=== TASK ITEM ===
Nothing but a number is wanted here: the tally of lines in the material below that include "With".

=== ENTRIES PROVIDED ===
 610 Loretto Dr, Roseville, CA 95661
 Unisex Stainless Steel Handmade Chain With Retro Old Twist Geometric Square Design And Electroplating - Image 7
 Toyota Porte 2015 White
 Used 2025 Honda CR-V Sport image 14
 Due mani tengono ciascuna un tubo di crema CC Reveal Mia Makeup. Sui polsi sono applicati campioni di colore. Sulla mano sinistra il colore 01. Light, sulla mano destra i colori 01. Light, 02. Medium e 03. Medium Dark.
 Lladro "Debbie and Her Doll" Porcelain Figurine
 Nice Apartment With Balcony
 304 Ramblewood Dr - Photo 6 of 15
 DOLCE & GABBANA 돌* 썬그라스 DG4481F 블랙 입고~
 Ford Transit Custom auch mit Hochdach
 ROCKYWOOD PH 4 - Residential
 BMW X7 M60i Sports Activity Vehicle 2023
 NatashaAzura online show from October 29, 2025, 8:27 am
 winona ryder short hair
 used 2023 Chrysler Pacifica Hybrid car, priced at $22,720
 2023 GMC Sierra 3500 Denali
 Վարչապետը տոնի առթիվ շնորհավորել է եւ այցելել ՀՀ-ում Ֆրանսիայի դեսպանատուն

=== OUTPUT OF THE TASK ===
2